Medan, SeputarSumut — Lonjakan harga minyak mentah dunia yang terus bertahan di atas level 100 dolar AS per barel pada awal pekan ini kembali memicu kekhawatiran global terhadap potensi lonjakan inflasi tinggi.
Ekonom Sumatra Utara (Sumut), Gunawan Benjamin menyatakan bahwa pergerakan harga komoditas energi tersebut secara langsung memicu aksi koreksi di pasar keuangan global maupun domestik. Berdasarkan pemantauan terkini di Medan pada Senin (18/5), minyak mentah dunia untuk jenis West Texas Intermediate (WTI) saat ini diperdagangkan pada kisaran harga 108 dolar AS per barel, sementara untuk minyak mentah jenis Brent bergerak di kisaran level 111 dolar AS per barel.
Berita Ekonomi: Harga Minyak Mentah Dunia Bertahan di Atas 100 Dolar Per Barel Picu Pelemahan IHSG dan Rupiah
“Kenaikan harga minyak mentah tersebut kembali memicu kekuatiran akan potensi inflasi tinggi, dan sejauh ini memicu koreksi pada pasar keuangan,” jelas Gunawan Benjamin.
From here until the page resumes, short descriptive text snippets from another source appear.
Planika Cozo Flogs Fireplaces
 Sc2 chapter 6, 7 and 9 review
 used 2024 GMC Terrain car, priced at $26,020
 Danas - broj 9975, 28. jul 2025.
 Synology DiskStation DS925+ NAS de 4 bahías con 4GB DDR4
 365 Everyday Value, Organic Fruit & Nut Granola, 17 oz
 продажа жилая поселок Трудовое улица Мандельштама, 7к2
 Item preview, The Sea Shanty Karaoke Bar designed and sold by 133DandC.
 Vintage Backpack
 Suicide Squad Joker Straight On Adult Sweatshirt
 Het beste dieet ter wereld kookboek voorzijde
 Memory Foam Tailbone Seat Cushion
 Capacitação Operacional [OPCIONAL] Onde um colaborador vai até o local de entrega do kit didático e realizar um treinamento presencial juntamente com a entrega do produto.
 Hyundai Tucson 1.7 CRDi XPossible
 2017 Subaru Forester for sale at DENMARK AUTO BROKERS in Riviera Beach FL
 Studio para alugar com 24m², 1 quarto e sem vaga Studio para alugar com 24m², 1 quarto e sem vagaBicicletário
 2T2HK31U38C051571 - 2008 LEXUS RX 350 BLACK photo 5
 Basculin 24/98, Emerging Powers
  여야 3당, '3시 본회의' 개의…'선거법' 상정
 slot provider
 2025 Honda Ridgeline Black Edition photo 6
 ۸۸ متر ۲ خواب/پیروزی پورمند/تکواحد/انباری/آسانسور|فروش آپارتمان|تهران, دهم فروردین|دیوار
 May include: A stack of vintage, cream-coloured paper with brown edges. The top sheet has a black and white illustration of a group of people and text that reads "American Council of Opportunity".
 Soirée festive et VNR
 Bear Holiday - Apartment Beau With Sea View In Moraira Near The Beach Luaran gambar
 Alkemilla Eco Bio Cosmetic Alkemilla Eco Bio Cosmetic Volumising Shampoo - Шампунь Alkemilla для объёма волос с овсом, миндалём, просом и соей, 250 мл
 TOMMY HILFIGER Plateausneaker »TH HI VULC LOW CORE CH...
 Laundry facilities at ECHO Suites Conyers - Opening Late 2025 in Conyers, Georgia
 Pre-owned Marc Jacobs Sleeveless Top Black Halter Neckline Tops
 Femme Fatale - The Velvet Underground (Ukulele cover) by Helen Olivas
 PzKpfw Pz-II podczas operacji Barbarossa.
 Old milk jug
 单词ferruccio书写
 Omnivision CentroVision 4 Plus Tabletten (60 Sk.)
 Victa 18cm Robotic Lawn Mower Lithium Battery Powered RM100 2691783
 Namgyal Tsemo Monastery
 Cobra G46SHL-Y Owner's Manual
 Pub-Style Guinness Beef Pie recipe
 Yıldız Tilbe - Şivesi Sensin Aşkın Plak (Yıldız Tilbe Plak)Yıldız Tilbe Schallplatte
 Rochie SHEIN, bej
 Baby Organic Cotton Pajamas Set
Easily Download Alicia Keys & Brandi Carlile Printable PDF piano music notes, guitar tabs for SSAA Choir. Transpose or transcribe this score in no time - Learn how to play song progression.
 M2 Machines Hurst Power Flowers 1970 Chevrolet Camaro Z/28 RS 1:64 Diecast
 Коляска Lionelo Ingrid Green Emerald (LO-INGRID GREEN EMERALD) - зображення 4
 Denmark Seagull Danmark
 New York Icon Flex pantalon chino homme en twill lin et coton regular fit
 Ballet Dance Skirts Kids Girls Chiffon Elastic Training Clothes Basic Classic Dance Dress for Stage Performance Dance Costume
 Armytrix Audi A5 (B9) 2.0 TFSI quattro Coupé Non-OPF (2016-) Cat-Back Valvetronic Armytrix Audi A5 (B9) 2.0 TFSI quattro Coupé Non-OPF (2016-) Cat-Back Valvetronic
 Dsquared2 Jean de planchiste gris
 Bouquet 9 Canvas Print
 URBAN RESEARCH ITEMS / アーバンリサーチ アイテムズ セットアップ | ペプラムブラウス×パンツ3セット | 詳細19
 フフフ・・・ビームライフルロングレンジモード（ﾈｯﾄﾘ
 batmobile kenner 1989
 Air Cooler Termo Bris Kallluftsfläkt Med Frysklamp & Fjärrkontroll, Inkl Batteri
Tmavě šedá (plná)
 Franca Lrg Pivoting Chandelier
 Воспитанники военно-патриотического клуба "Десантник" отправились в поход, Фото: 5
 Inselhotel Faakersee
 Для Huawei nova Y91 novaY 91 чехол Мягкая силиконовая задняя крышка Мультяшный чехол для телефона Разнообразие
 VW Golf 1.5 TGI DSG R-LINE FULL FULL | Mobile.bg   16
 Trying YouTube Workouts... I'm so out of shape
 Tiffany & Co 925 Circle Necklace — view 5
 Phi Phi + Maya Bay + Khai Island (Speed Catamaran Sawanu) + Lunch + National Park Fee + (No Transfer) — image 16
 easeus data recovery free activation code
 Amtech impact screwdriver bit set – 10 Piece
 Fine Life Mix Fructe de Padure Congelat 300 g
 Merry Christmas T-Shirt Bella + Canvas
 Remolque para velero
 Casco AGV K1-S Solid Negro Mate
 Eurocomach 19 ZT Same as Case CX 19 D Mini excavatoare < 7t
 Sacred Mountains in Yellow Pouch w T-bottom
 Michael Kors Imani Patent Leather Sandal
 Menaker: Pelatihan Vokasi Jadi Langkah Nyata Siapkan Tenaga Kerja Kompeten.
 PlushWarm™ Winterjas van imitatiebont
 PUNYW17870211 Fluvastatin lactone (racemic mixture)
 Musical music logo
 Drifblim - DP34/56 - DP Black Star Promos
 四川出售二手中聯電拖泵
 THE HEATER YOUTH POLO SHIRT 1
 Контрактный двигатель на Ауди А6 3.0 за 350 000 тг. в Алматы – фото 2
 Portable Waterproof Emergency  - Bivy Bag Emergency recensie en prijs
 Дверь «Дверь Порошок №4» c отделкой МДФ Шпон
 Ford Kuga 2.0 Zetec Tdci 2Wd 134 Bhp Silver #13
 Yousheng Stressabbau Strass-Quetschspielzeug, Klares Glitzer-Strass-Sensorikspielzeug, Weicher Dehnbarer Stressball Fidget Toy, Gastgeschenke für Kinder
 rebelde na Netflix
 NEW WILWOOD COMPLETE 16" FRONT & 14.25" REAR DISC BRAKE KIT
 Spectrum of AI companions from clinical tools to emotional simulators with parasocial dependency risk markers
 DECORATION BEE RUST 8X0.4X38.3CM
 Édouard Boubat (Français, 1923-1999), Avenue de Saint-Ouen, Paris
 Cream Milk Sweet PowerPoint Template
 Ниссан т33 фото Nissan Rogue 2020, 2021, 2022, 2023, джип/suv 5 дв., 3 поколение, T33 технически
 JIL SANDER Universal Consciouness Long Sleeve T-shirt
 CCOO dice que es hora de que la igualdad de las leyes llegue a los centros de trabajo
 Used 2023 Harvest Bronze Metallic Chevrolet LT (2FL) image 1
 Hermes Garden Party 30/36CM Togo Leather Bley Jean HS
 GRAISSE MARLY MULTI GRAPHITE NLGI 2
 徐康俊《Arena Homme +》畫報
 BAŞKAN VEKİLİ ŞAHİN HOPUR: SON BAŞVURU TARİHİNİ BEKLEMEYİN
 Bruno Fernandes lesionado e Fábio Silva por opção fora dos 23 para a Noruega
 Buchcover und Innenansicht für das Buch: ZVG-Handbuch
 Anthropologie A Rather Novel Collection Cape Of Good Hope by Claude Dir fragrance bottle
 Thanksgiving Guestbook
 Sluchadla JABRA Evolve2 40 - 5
Dampak dari kenaikan harga komoditas energi tersebut langsung menekan mayoritas bursa saham yang terpantau bergerak di zona merah pada sesi perdagangan pagi. Kondisi serupa melanda Indeks Harga Saham Gabungan (IHSG) yang langsung dibuka merosot ke posisi 6.628 pada pembukaan perdagangan hari ini. Fluktuasi negatif ini bahkan terus membawa IHSG bergerak turun mendekati level psikologisnya di posisi 6.500. Sejalan dengan kemerosotan pasar saham, nilai tukar mata uang Rupiah juga menunjukkan pelemahan dan ditransaksikan pada level 17.655 per Dolar AS.
“Mayoritas bursa saham di sesi perdagangan pagi ini melemah. IHSG pada sesi pembukaan perdagangan hari ini juga dibuka melemah ke level 6.628. Bahkan sejauh ini IHSG melemah mendekati level psikologis 6.500. Disisi lainnya, kinerja mata uang Rupiah ditransaksikan melemah ke level 17.655 per US Dolar. Pasar keuangan domestik masih terus diselimuti sentimen negatif,” paparnya.
Situasi pasar kian diperparah oleh eskalasi ketegangan geopolitik di kawasan Timur Tengah yang menunjukkan kecenderungan terus meningkat. Hubungan internasional kembali memanas seiring langkah Amerika Serikat yang belakangan ini kembali melontarkan ancaman terhadap Iran, sementara pihak Iran sendiri tetap mempertahankan posisi yang berseberangan dengan AS. Realitas di lapangan saat ini justru bertolak belakang dengan upaya negosiasi damai yang sempat digaungkan sebelumnya.
“Tensi geopolitik di timur tengah eskalasinya justru cenderung alami kenaikan. AS belakangan ini kembali menebar ancaman ke Iran, dan Iran sendiri juga masih berada di posisi yang berseberangan dengan AS. Negosiasi damai yang digaungkan sebelumnya justru bertolak belakang dengan realita yang ada di lapangan. Bahkan di akhir pekan kemarin serangan terhadap fasilitas energi di timur tengah tak luput dari serangan,” tuturnya.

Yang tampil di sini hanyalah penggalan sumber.